When Susan Schooler, now a physician’s assistant with Bergman Cosmetic and Reconstructive Surgery in Des Moines, Iowa, was a little girl, her father teased her about a bump on her nose. So she learned early to dislike her nose. Then, when she was fully grown to her current five-foot-two height and 100 pound weight, she found herself shopping for bathing suits in the little girl’s department because she did not have enough chest to fill the tops of garments in the women’s section.
In her workaday life, Dr. Schooler does non-invasive cosmetic procedures and talks to patients daily. So she had a nose job (rhinoplasty) to remove the bump and, eventually, breast augmentation. While her actual age is 45, most patients think she is about 35, Dr. Schooler says.
“After the rhinoplasty, I found I had been going out of my way to never show my profile,” she says. “But after the operation, I felt more confident while the breast augmentation just made me feel more feminine and let me buy better clothes.”
She says the implants and more womanly look make her feel like she has a new car she wants to show off.
Jacqueline Chen, M.D., a plastic surgeon at the Center for Facial Rejuvenation in Los Gatos, California, knew that many patients of Asian backgrounds ask for double eyelid surgery (Asian blepharoplasty) which reduces the puffiness found in the upper eyelids of many Asians. The procedure removes the fat that occurs in those eyes, making the completed, healed eye look brighter and giving it a more open look while retaining the shape of a natural Asian eye. So Dr. Chen knew full well what it was like to be put under general anesthesia and awaken in the heavy fog of a drug hangover with a bruised, swollen and stitched face that resembles something carried away from a combat zone.

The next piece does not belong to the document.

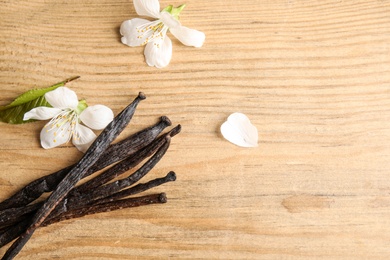 Flat lay composition with aromatic vanilla sticks and flowers on wooden background. Space for text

“I know it’s the most natural thing in the world to awaken from surgery feeling sick, see yourself in the mirror and think, ‘Oh my god! What have I done? Why, oh why, did I do this?’” says Dr. Chen. “It’s even normal to suffer depression at first. But, then, later, after you heal, the enhancements become worth it and the depression lifts.”
Because she is herself a surgeon, she stopped herself from calling her own surgeon “every hour” just after the operation to ask about the terrible way she looked immediately post-op.
“Having been through it myself, I really appreciate why patients want to call their surgeons so many times just after the operation,” Dr. Chen says. “They need reassurance they are not going to look like that forever.”
George Wesson, M.D., is one of three plastic surgeons at the Austin-Weston Center for Cosmetic Surgery in Reston, Virginia. Dr. Wesson had eye bags removed because he wanted his face to send a signal saying he looked as good as he felt inside
“When I came into the office some mornings raring to go, my staff would ask: ‘Did you get stuck in the emergency room all last night? You look exhausted,’” Dr. Weston says.
Moreover, his upper eyelids were getting puffy, heavy and starting to fall down over his eyes.
“I also had my abdomen and flanks liposuctioned because I’m naturally thin but developed fatty bulges as I aged,” he says. “So I looked like a pregnant pencil.”
Because the surgeons at that center know what it’s like to be a plastic surgery patient, they designed some post-op handouts that detail the reactions and emotions a patient can expect right after surgery.
“It’s normal for a patient to look at her face in the mirror after an operation and nit pick, saying ‘What about this? What about that?’” Dr. Weston says.
Oh, yeah. The hospital food. How did the patient-doctors like it?
They’re not saying. Diplomacy, you know. Like, they have to work there.
Suffice it to say, nobody is ordering take out.